Bengaluru: The share of young voters in the Karnataka state elections has doubled since 2013 and over 15.4 lakh voters in the age group 18-19 will be eligible to cast their franchise on May 12. Deccan Chronicle spoke to a few first-timers from the city.
Vivek Babu (18), a B.Com student, claims that he has done enough research to exercise his franchise for the first time. "I have been gathering information on the candidates and their works over the years in my constituency (K.R. Puram) from different kinds of media and elders around me," he says.
An aspiring politician, he believes that pursuing formal education before entering mainstream politics will add to a leader's capabilities.
"Having knowledge in diverse fields and being updated across domains will be an added advantage. Knowing the people at the grassroots level is also essential," he says.
A teenager concerned about the environment, he says that the immediate attention of the next MLA should be the cleaning up of Agara and Rampura Lakes in his locality.
Also, a good quality, state-of-the-art government school should be set up in the constituency to ensure better education for the poor, he says.
Renita Saikia, a B.Sc student, has decided to press the last button on the Electronic Voting Machine on Saturday.
Asked why she is opting for none of the above (NOTA), she puts the blame equally on all parties contesting the elections.
"It is high time parties and representatives understood that basic development is necessary, and going behind ambitious targets is impractical. Fake promises are being made and people are being bribed for votes. All the parties are to blame for this," she says.
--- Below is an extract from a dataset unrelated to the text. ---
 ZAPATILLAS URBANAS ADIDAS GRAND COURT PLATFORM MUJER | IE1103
The decisions taken at the top adversely affect the common people and, ironically, help the rich. "Demonetisation and GST are two big examples of this. Instead of travelling abroad multiple times a year, the PM should ideally care for his people back home," she says.
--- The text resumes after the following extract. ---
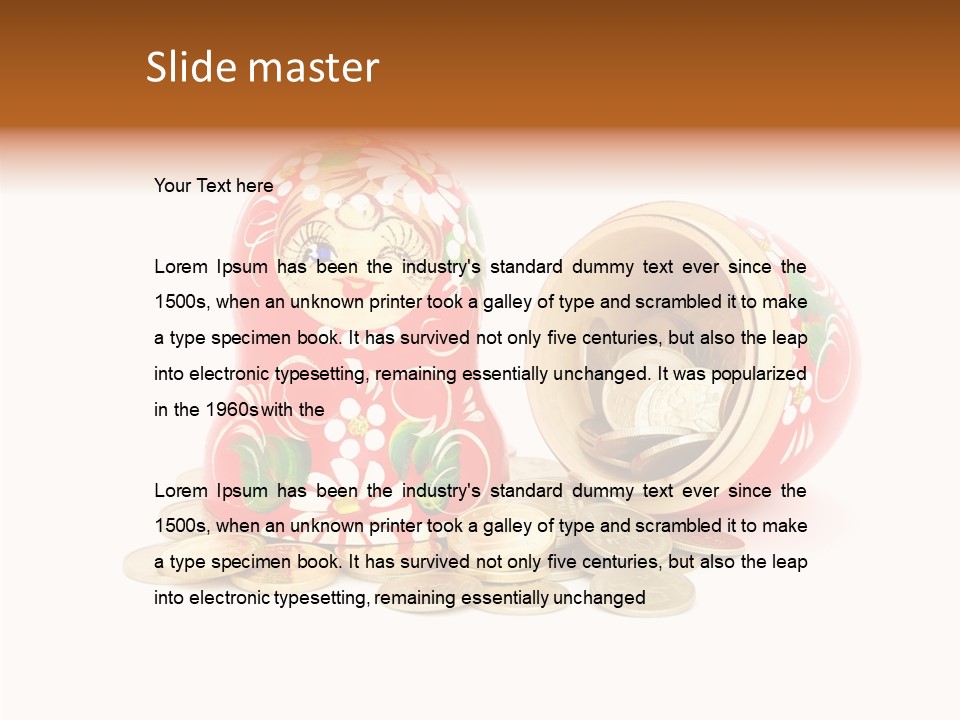 Touching Hand Sharing PowerPoint Template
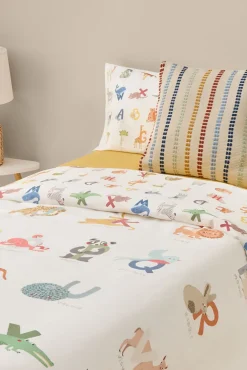 Funda nórdica estampado dinosaurios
An aspiring civil servant, Renita from Shantinagar says that at present, there are no issues with her constituency, but the broader picture needs to be set right.
"Social media can be used not just for election campaigns, but also to reach out to more people, especially youngsters. A healthy dialogue between the government and citizens will set the right tone," she said.
Tanushree D., another first-timer who will vote from the Chickpet constituency, is undecided as to whom to vote for, though she has discussed it with her friends.
"At the national level, I support Modi as they are trying to bring India on a par with developed nations. Digital India and Make in India are prime examples of this initiative. As a society we take time to accept change, but we should realise that all this will turn out good in future," she says.
An aspiring finance manager, she says that the competition is tough at her constituency as all candidates are good. Social media campaigns have played a better role than others in her decision-making process, she reveals.